Hypergranulation – how good is the latest paper, and why might it be ignored?

Papers can be complex and require time to absorb

The subject discussed is hypergranulation and its management with chemicals. Facebook (I won’t say which site) offers plenty of valuable discussion from members all around. Podiatric Surgeon Ian Reilly saw the trail of questions and answers and wondered why many respondents were unaware of his own paper; Reilly and Burt’s 2021 published in The Podiatrist.  Periungual Soft Tissue Resection was published in March/April, so it is fair to say this was not old. My July newsfeed concerns unused resources so this article is associated with the same theme, and so I set out to undertake a reflective review. Reilly and Burt point toward concerns that chemical management of hypergranulation is not as reliable as dissection removal.
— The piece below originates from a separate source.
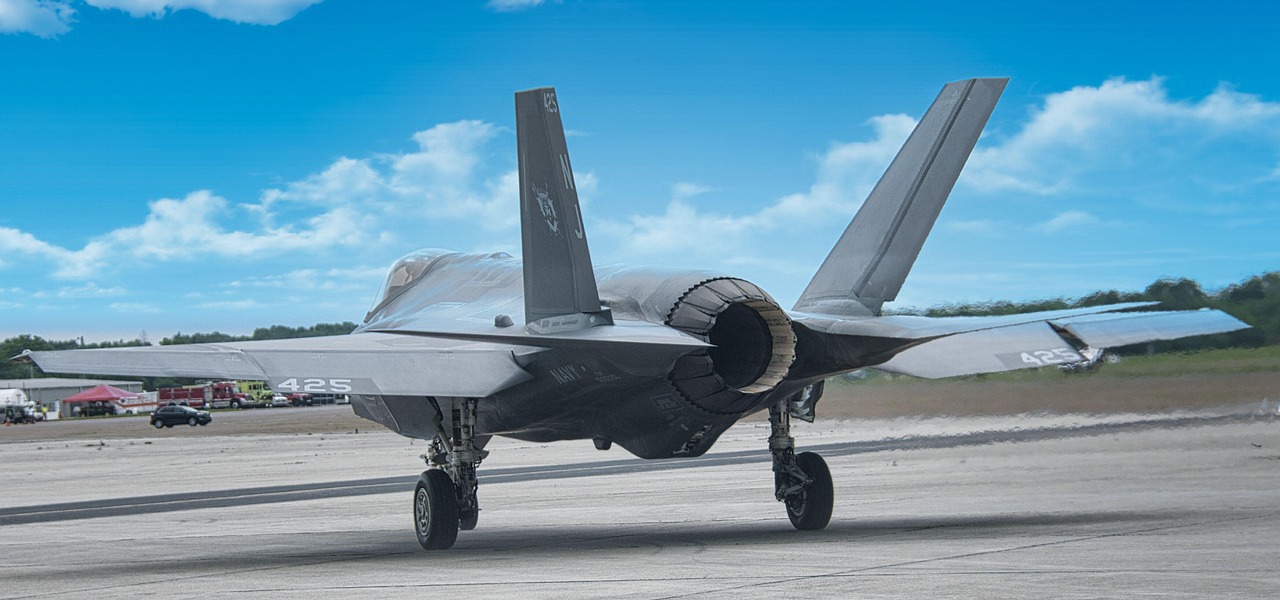 Jet - free online jigsaw puzzle photo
Several questions emerge from this reflection article

  1. Why are readers not aware of quality papers and material
  2. What information exists, and does it have value-added?
  3. Analysing article references; are these important?
  4. How should we treat hypergranulation tissue (HGT) – the crux of the article under discussion.

Lack of awareness

Listening to Radio 4 on 30th June, the conversation concerning meetings went something like ‘…Ministers who go to the meeting don’t bother reading the briefing…’ The subject covered meetings which included the G7 group in Cornwall this summer. A second radio interviewee told the audience, ‘our attention span is even shorter than it once was!’  I googled hypergranulation ingrowing toenails and immediately found that the third post down was both informative and brief. Here’s the best thing, a podiatrist wrote it in Trinidad. At a click of the finger, there is the information, but how good is it? Hit the link and try it out. Is the information clear and is it appropriate for patients or for the profession. Lay or clinically academic?


The problem with papers is often their length, their complexity, the time someone is prepared to dedicate to reading, and lastly, their drive and quest to learn more. This ConsultingFootPain article aims at 2000 words in length. The shorter the better. While readers might find an article too long, four key questions are integrated to break the article up. 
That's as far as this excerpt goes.